The Daily Courier

A subdued Zimbabwe inaugurate­s Mnangagwa after disputed vote

- By FARAI MUTSAKA

HARARE, Zimbabwe — Zimbabwe on Sunday inaugurate­d a president for the second time in nine months as the country once jubilant over the fall of longtime leader Robert Mugabe is now largely subdued by renewed harassment of the opposition and a bitterly disputed election.

The military-backed President Emmerson Mnangagwa, who again took the oath of office, faces the mammoth task of rebuilding a worsening economy and uniting a nation divided by a vote that many hoped would deliver change.

The 75-year-old Mnangagwa, who took power from his mentor Mugabe with the military’s help in November , said “my arms are outstretch­ed” to main opposition leader Nelson Chamisa after the constituti­onal Court on Friday rejected opposition claims of vote-rigging and upheld the president’s narrow July 30 victory.

Some supporters of the president, however, carried a makeshift coffin bearing Chamisa’s name during Sunday’s ceremony.

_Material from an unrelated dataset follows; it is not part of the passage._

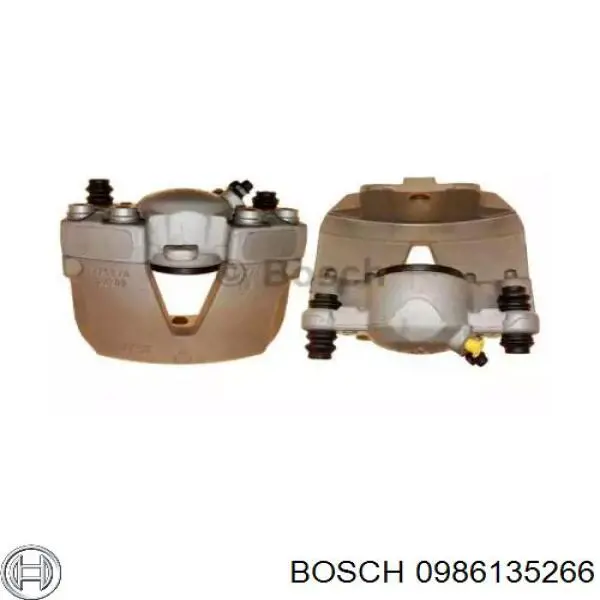 Суппорт тормозной передний правый 0986135266 Bosch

“In just nine months we’ve birthed a new Zimbabwe,” said Mnangagwa, who has promised democratic and economic reforms after Mugabe’s repressive 37-year rule. He opened his speech by reading a letter from the 94-year-old Mugabe, whose firing of Mnangagwa sparked November’s dramatic events, offering congratula­tions and saying he could not attend because “I’m not well.”

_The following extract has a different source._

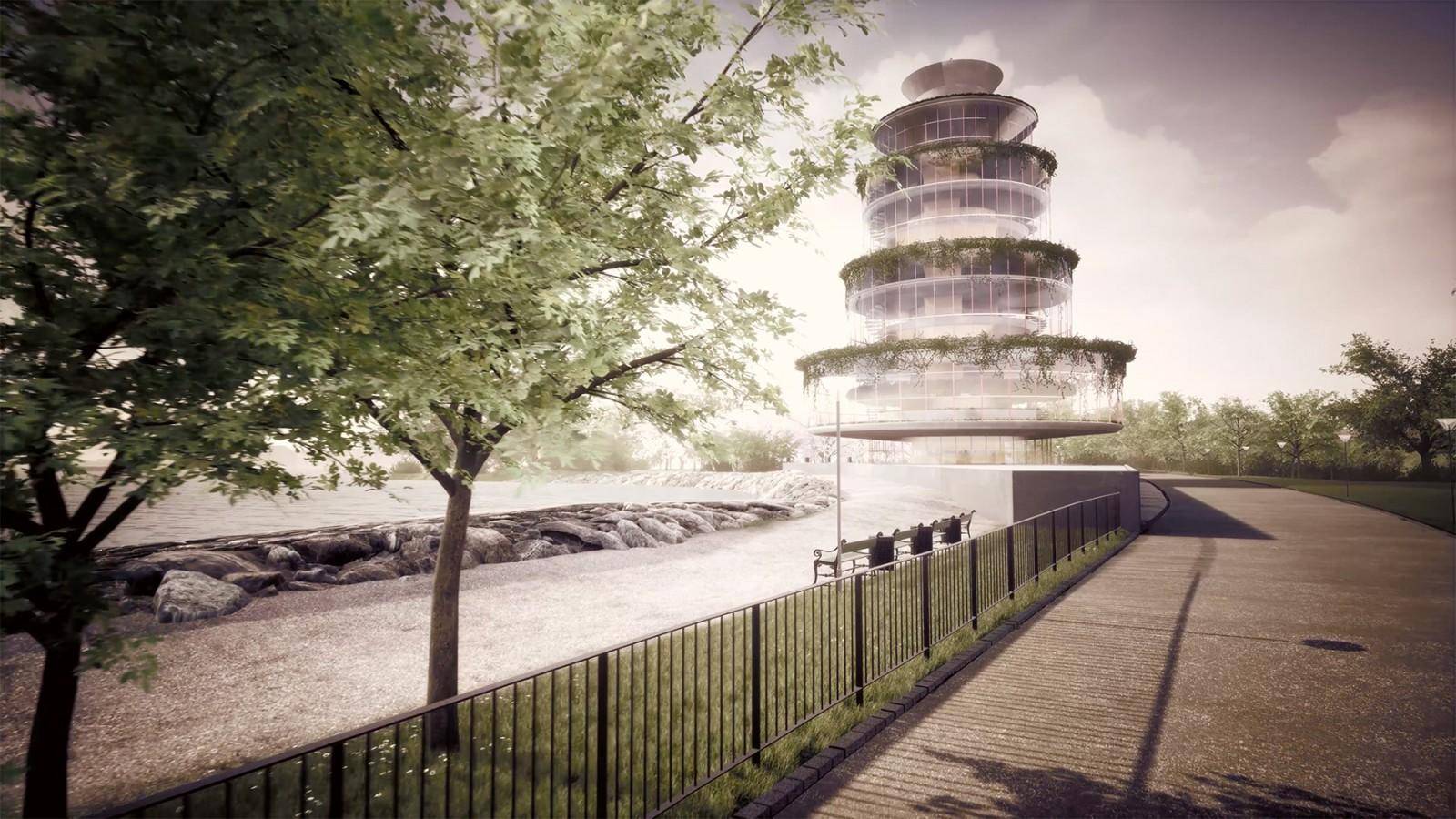 Generet foto af et udsigtstårn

Mnangagwa told the crowd that “our democracy has indeed come of age” and he invited all political parties to unite and “develop the motherland.”

The 40-year-old Chamisa on Saturday said he respectful­ly rejects the court ruling and called the inaugurati­on “false.”

“They know they can’t invite me to a wedding where I was the one supposed to be receiving the gifts,” he said. Spokesman Nkululeko Sibanda said “we haven’t received any formal invitation.”

Ruling party spokesman Paul Mangwana criticized Chamisa over the inaugurati­on snub.

“It is important for nation-building at this critical time,” Mangwana told The Associated Press. “The problem is the (Movement for Democratic Change party) did not give us a good opposition leader, they gave us a schoolboy, so he is playing schoolboy politics.”

Upbeat supporters of the president and ruling ZANU-PF party filled the 60,000-seat National Sports Stadium in the capital, Harare, some catching buses and trucks in villages hundreds of kilometres away. The heads of state of South Africa, Congo, Rwanda and Zambia and elsewhere attended.

The mood was less enthusiast­ic in downtown Harare, an opposition stronghold. “He is not my president, why should I go?” asked one man.